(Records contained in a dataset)
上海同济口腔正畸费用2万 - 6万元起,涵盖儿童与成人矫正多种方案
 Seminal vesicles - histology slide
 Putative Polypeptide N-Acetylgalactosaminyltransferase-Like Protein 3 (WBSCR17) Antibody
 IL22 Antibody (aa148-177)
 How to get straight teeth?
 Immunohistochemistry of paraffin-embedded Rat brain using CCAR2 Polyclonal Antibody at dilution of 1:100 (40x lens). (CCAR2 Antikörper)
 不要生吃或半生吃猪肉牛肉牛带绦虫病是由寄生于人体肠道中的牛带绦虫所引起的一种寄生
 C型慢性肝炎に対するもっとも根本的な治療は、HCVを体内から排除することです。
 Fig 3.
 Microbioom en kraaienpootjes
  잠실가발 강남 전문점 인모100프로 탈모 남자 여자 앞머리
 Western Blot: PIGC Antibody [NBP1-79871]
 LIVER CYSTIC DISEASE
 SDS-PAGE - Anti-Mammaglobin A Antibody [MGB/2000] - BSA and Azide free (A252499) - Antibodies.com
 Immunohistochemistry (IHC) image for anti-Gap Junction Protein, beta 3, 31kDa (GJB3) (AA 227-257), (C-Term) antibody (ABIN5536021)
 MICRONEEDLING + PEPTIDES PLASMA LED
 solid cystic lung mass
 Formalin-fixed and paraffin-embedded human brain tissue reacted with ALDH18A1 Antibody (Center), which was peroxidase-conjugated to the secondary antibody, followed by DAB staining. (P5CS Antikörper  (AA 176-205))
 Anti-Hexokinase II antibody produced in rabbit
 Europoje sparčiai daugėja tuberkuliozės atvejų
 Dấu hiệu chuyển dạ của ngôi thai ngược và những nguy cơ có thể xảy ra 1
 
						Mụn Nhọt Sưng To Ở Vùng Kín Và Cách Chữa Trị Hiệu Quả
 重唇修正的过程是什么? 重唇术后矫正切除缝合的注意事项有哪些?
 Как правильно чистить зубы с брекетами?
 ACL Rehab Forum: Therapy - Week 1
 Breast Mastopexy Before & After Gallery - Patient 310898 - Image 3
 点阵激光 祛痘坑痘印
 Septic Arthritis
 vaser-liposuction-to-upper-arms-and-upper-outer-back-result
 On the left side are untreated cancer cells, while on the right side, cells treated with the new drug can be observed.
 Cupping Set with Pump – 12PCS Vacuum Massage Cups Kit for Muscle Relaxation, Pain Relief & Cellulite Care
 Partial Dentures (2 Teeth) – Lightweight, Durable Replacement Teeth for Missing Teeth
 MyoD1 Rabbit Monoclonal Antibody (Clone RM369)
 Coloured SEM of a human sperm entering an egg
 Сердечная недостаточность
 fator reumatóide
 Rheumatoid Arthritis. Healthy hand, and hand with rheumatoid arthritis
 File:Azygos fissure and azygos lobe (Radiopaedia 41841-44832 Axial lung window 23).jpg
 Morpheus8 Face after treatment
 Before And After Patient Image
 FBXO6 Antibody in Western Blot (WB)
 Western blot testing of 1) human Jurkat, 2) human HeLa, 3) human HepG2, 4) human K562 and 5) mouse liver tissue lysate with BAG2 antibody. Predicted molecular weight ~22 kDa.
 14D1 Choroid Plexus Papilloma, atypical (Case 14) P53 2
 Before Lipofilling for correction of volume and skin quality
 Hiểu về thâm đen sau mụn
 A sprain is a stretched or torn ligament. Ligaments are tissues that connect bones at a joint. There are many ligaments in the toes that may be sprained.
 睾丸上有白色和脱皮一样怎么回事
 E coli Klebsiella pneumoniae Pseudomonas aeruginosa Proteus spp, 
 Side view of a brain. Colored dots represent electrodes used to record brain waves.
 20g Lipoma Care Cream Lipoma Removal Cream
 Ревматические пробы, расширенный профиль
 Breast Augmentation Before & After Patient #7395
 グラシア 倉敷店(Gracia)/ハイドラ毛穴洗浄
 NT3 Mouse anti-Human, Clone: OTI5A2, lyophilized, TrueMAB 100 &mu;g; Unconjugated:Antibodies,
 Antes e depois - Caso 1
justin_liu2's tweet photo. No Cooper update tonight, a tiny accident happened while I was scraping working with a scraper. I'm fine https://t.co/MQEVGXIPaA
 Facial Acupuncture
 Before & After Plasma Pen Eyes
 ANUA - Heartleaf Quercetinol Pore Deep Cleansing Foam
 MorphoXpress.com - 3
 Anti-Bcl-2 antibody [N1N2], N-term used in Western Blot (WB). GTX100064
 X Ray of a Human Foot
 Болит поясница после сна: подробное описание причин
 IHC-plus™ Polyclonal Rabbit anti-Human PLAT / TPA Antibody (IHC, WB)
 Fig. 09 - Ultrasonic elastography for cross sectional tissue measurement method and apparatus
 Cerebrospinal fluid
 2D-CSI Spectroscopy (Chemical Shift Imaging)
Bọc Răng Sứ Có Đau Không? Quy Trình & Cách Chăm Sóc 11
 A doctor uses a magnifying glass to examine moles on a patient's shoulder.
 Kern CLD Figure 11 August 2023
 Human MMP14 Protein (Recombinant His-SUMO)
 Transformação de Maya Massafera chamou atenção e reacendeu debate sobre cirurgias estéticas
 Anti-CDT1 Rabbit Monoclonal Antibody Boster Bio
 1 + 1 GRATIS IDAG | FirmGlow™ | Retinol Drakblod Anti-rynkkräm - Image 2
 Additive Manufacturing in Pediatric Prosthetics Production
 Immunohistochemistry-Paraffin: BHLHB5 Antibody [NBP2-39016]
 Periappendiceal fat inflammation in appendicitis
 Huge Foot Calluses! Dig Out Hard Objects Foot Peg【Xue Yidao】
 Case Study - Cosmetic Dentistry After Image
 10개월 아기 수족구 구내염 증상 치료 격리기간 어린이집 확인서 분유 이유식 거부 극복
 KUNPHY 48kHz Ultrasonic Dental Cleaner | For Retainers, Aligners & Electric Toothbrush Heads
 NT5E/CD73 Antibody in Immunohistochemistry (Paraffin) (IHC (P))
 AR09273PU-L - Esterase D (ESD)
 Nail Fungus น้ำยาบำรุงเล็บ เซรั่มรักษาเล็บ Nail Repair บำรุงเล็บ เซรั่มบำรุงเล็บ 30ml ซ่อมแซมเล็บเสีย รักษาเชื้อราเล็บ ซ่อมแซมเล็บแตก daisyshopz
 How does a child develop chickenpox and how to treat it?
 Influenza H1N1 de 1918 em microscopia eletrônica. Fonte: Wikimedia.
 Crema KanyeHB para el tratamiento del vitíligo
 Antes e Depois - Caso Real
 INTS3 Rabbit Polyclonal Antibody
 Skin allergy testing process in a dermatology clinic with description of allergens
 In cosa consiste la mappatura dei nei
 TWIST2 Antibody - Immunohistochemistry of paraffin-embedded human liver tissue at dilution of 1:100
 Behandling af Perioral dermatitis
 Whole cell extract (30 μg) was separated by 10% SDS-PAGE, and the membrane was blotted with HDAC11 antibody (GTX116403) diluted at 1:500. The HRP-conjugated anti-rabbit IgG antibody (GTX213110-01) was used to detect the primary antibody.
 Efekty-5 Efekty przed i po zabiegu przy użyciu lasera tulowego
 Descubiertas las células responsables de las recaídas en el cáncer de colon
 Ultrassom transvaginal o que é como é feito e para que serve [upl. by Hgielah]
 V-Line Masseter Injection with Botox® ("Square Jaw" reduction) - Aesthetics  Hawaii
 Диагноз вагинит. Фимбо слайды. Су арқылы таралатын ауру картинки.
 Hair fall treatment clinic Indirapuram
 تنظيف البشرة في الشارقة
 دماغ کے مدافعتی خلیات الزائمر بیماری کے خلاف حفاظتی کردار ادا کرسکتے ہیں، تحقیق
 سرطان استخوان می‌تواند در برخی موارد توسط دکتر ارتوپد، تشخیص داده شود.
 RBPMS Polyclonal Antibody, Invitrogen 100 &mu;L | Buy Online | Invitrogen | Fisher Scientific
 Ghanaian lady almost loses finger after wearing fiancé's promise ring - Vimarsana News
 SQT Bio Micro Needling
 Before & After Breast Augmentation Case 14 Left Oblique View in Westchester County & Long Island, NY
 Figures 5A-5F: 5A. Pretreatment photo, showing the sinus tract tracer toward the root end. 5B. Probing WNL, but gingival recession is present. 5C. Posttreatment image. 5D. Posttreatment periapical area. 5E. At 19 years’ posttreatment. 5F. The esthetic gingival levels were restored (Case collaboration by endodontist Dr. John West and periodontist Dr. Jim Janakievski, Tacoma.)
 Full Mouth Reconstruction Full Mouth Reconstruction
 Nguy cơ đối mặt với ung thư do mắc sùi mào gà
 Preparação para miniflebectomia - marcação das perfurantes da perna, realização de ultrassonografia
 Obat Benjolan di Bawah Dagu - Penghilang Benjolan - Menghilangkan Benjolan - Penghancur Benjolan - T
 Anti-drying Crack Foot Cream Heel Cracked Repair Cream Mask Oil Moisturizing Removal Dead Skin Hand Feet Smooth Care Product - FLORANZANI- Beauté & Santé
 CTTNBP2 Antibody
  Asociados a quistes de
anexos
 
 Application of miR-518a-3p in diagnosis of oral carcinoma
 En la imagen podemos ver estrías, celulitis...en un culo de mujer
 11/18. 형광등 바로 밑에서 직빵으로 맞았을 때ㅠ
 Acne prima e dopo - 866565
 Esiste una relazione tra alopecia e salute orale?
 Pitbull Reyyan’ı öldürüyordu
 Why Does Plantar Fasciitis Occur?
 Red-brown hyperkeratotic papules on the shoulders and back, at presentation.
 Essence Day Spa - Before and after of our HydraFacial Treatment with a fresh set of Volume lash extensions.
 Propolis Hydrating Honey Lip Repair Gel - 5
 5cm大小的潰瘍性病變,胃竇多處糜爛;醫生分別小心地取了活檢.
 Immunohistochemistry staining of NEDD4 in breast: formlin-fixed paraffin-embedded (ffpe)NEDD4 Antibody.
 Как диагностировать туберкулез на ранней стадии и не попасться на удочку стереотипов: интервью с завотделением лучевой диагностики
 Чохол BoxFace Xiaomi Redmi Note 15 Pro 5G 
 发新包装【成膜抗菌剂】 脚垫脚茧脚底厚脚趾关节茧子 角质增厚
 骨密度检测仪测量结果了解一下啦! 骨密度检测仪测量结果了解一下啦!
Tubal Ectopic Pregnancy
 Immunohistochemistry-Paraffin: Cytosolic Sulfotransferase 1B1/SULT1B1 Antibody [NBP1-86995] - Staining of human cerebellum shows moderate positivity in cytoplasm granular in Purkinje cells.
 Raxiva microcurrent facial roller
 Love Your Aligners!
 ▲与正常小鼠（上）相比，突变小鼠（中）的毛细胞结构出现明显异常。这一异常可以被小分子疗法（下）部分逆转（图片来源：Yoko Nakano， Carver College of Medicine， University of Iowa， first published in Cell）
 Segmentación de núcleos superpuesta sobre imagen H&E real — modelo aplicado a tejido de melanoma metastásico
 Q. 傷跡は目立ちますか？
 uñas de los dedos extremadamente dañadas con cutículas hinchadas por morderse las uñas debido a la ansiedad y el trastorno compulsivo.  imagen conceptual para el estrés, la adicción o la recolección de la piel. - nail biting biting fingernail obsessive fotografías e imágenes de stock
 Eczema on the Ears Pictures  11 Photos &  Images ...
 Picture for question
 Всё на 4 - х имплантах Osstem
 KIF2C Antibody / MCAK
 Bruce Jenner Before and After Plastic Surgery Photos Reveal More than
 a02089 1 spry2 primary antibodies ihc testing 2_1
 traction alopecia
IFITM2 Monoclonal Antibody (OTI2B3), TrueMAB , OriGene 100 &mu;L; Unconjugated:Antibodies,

#### EXERCISE AIM:
Nothing but the lines from the one holding "Q. 傷跡は目立ちますか？" to the end of the entries should be returned, each exactly as it stands.

#### TASK SOLUTION:
 Q. 傷跡は目立ちますか？
 uñas de los dedos extremadamente dañadas con cutículas hinchadas por morderse las uñas debido a la ansiedad y el trastorno compulsivo.  imagen conceptual para el estrés, la adicción o la recolección de la piel. - nail biting biting fingernail obsessive fotografías e imágenes de stock
 Eczema on the Ears Pictures  11 Photos &  Images ...
 Picture for question
 Всё на 4 - х имплантах Osstem
 KIF2C Antibody / MCAK
 Bruce Jenner Before and After Plastic Surgery Photos Reveal More than
 a02089 1 spry2 primary antibodies ihc testing 2_1
 traction alopecia
IFITM2 Monoclonal Antibody (OTI2B3), TrueMAB , OriGene 100 &mu;L; Unconjugated:Antibodies,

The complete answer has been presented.